Gravações da PF revelam o Corinthians da era MSI

Berezovski era investidor da parceria, Kia, laranja, e o clube, uma operação fraudulenta

Cifras milionárias e ameaças ditam diálogos de cartolas, que pediram a Lula asilo para russo

JUCA KFOURI
COLUNISTA DA FOLHA

"Conversei com ele a respeito do Corinthians, mas no momento ele não tem interesse no negócio. Hoje, não temos nenhum negócio juntos."
A frase acima é de Kia Joorabchian, na primeira entrevista dada pelo iraniano no Brasil, à Folha, em 25 de agosto de 2004, em que respondia sobre o russo Boris Berezovski, magnata acusado de vários crimes em seu país, como lavagem de dinheiro e assassinato.
Depois de três anos e de uma verdadeira devassa no acordo mais polêmico da história do futebol brasileiro, a constatação: Kia não falava a verdade, assim como a maioria dos participantes de um negócio que, como diz o dito popular, começou torto e, sabe-se, vai terminar ainda mais torto.
Interceptações telefônicas feitas pela Polícia Federal, com autorização judicial, revelam que Berezovski não só participava da MSI como era o grande financiador da parceria.
Esse é o ponto central de um relatório de 72 páginas da PF ao qual a Folha teve acesso. Resumem 14 meses de diálogos entre os principais personagens dessa novela. Revelam um Kia "laranja", subserviente a Berezovski; mostram atletas negociando com a parceria para receber dinheiro fora do país; atestam a tentativa de trazer o russo ao Brasil, sem pudores, até aos corredores da Presidência da República.
Os detalhes da operação da PF, batizada Perestroika, ainda revelam os cartolas corintianos negociando o pagamento de R$ 150 mil a um fiscal da Receita Federal para não autuar o clube, um crime. Ou um deles.
Tudo começou em 2004 com um encontro num luxuoso hotel da capital entre Kia, o presidente do clube, Alberto Dualib, e Renato Duprat, que apresentou os dois.

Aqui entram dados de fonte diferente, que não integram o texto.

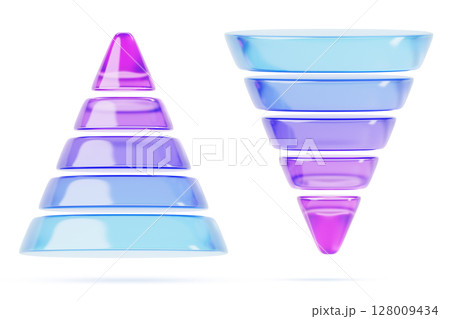 Glass inverted cone and pyramid 3d render icon set. Gradient blue pink sales funnel, five level infographic chart, conversion rate, digital marketing, business awareness technology. 3D illustration Glass inverted cone and pyramid 3d render icon set. Gradient blue pink sales funnel, five level infographic chart, conversion rate, digital marketing, business awareness technology. 3D illustration 128009434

A partir daí, montou-se uma operação que injetou no país milhares de dólares no Parque São Jorge por meio de cinco empresas situadas em paraísos fiscais. O acordo previa investimentos de US$ 35 milhões e o pagamento de dívidas no valor de R$ 60 milhões por um contrato de dez anos.
Meses depois, o Corinthians tinha um time milionário, fruto de transações suspeitas, e um punhado de autoridades no seu encalço. Em abril de 2005, o Ministério Público de São Paulo concluiu que Berezovski atuava nos investimentos da MSI. Apontou indício de lavagem de dinheiro. Como se tratava de suposto crime contra o sistema financeiro, o caso passou para a esfera federal.
As relações entre Kia e Dualib já estavam deterioradas. O corintiano cobrava dinheiro do iraniano, que reclamava do corintiano e da neta dele, que cobrava comissões pelos acordos de marketing e continuava a controlar o departamento.
O cartola foi à Europa, mais de uma vez, pedir a saída de Kia da MSI, mas não conseguiu.
Em meio à turbulenta união, o clube venceu o Brasileiro. O respiro durou pouco. Em abril de 2006, alegando problemas pessoais, Kia foi para Londres e não voltou mais ao Brasil. Aos poucos, a fonte da MSI secou.
Os que vieram com o iraniano também se foram. Em julho último a Justiça Federal aceitou denúncia. Kia e Berezovski tiveram prisão decretada. Dualib e Duprat viraram réus, acusados de lavagem de dinheiro e formação de quadrilha. O presidente acabou afastado, e o clube decretou o fim da parceria -o que, no entanto, não encerra a novela, longe disso.
Um cruel retrato do Corinthians, do país e do futebol.